Directions ▸ Give the records below again, word for word. No pictures belong in the copy.

Exercise materials ▸
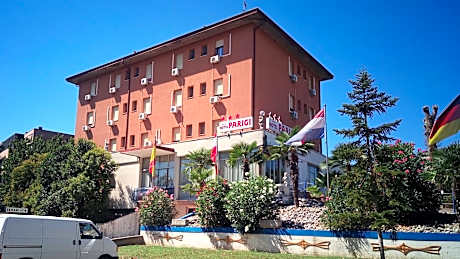 Hotel Parigi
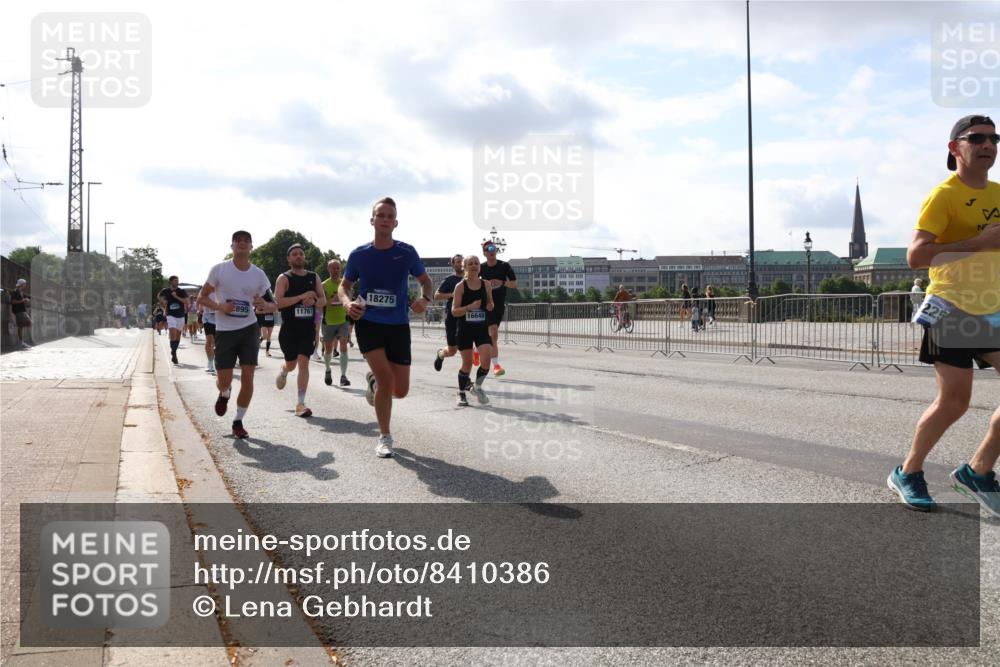 29.06.2025 - hella hamburg halbmarathon Lena Gebhardt http://msf.ph/oto/8410386 29.06.2025 09:50:12 Lombardsbrücke 895, 11767, 18275, 16648, 1343, 1615, 1675, 1688, 1800, 1803, 1975, 2324, 2415, 2568, 2573, 2826, 2949, 3332, 3431, 3530, 4303, 4318, 4398, 4528, 4823, 5248, 5409, 5436, 5791, 5803, 6123, 6458, 6649, 6682, 6704, 7495, 7774, 7796, 8450, 8629, 8925, 9017, 9116, 9264, 9265, 9294, 9296, 9302, 9365, 9711, 9979, 10218, 10680, 10894, 11379, 11765, 11767, 12292, 12327, 12540, 12554, 12839, 12895, 13141, 13457, 13725, 13800, 14077, 14204, 14374, 14560, 14688 meine-sportfotos.de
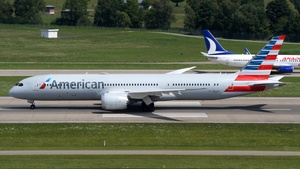 Photo of N822AN - Boeing 787-9 Dreamliner operated by American Airlines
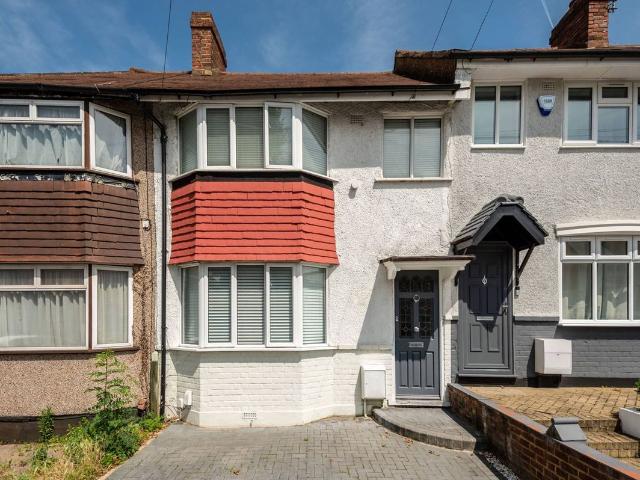 Browning Avenue, Worcester Park KT4, 3 bed terraced house to rent, £5,000 pcm | PrimeLocation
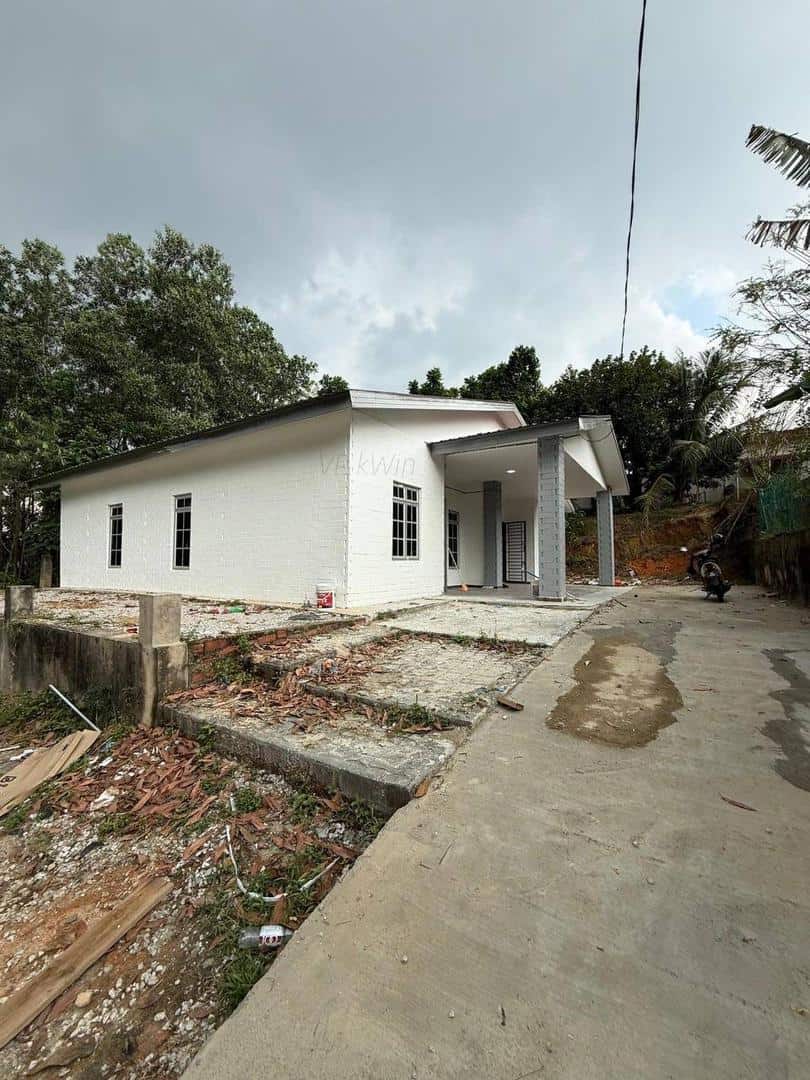 Single Storey Bungalow Jalan Banjaran 1x, Kempas Baru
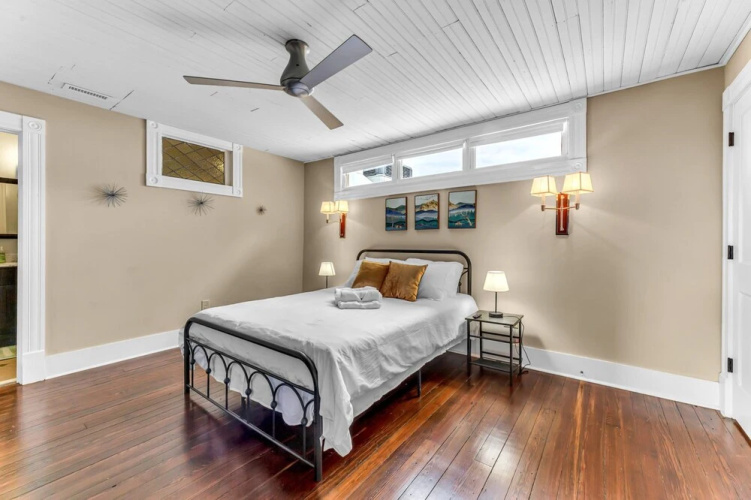 The Elm St Suite - Downtown Condo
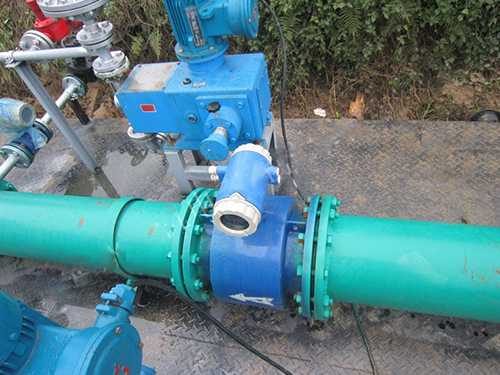 大口徑管道流量計工作現場圖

Result of this task ▸
 Hotel Parigi
 29.06.2025 - hella hamburg halbmarathon Lena Gebhardt http://msf.ph/oto/8410386 29.06.2025 09:50:12 Lombardsbrücke 895, 11767, 18275, 16648, 1343, 1615, 1675, 1688, 1800, 1803, 1975, 2324, 2415, 2568, 2573, 2826, 2949, 3332, 3431, 3530, 4303, 4318, 4398, 4528, 4823, 5248, 5409, 5436, 5791, 5803, 6123, 6458, 6649, 6682, 6704, 7495, 7774, 7796, 8450, 8629, 8925, 9017, 9116, 9264, 9265, 9294, 9296, 9302, 9365, 9711, 9979, 10218, 10680, 10894, 11379, 11765, 11767, 12292, 12327, 12540, 12554, 12839, 12895, 13141, 13457, 13725, 13800, 14077, 14204, 14374, 14560, 14688 meine-sportfotos.de
 Photo of N822AN - Boeing 787-9 Dreamliner operated by American Airlines
 Browning Avenue, Worcester Park KT4, 3 bed terraced house to rent, £5,000 pcm | PrimeLocation
 Single Storey Bungalow Jalan Banjaran 1x, Kempas Baru
 The Elm St Suite - Downtown Condo
 大口徑管道流量計工作現場圖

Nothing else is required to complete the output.